On the inside of the left front of another Japanese uniform was printed the words “Ninety-Eight; Shōwa Fifteen-year; No.3”, with the owner’s name clearly written in the space below: Horii Kazuo. It was owned by a Japanese soldier named Horii Kazuo in 1940. Where on earth was he at the time? China? Southeast Asia? The Pacific Ocean? Or an island south of Japan? Is he still alive? He should be at least 100 years old if he is still alive! And if he died, how did he leave the world (with glory or infamy, love or sorrow of which we will never know)? I imagine that at someday, perhaps, he would also look at the mist in the mountains in the morning, the burning clouds in the sea at dusk, or the Milky Way in the stars in the night.

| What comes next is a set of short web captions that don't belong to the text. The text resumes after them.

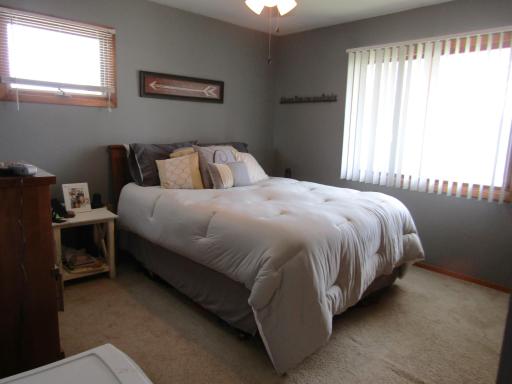 107 3rd Ave, Madison, MN 56256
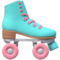 Rollschuh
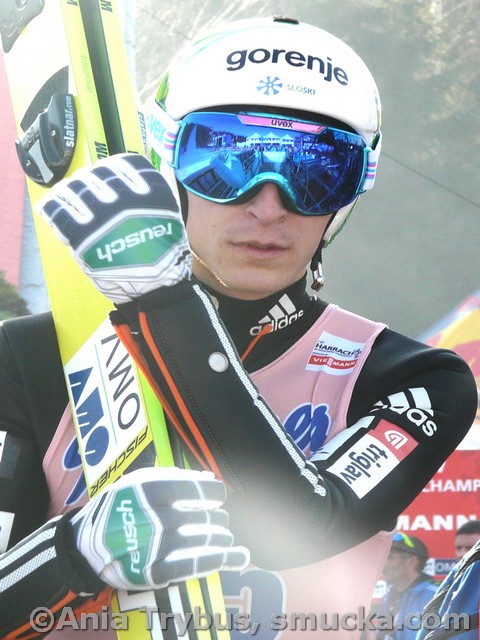 094 Jernej Damjan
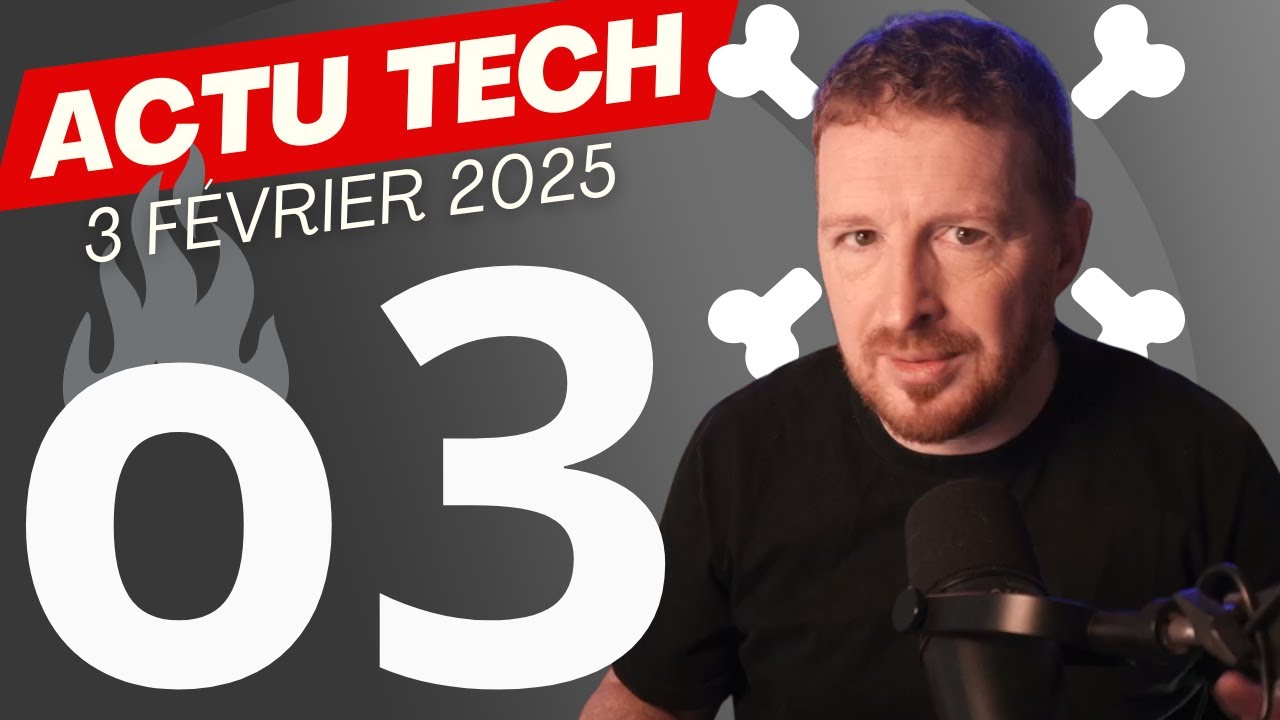 o3 est-il le début de la fin des emplois humains ?
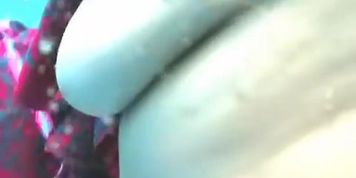 Spy Voyeur, Amateur, Beach Movie, Watch It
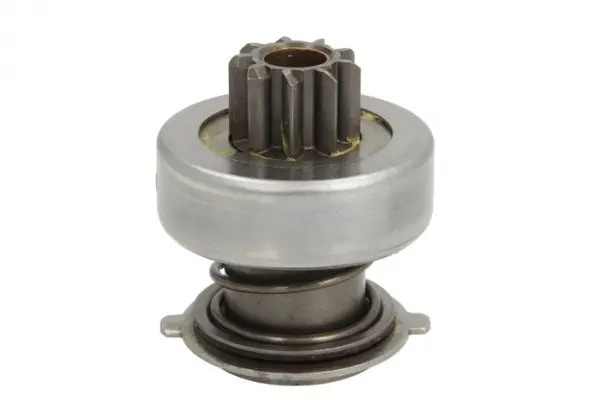 Pinion electromotor potrivit CITROEN C25; FIAT DUCATO, TALENTO 1.9D 02.87-04.02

I often wondered about their identities and these clothes: what determined their owners, who then they left, and how did they end up lying quietly in the collector's closet? These clothes separate me from the truth. These "skins" seem to be all that separates me from people I've never met. So thin, yet so far apart. They fade away in obscurity, and no one cares about the stories that were once wrapped by these symbols. They have lost enemies or friends. They lost time. They recede from the past, then sink into the deep sea of history, which never answers.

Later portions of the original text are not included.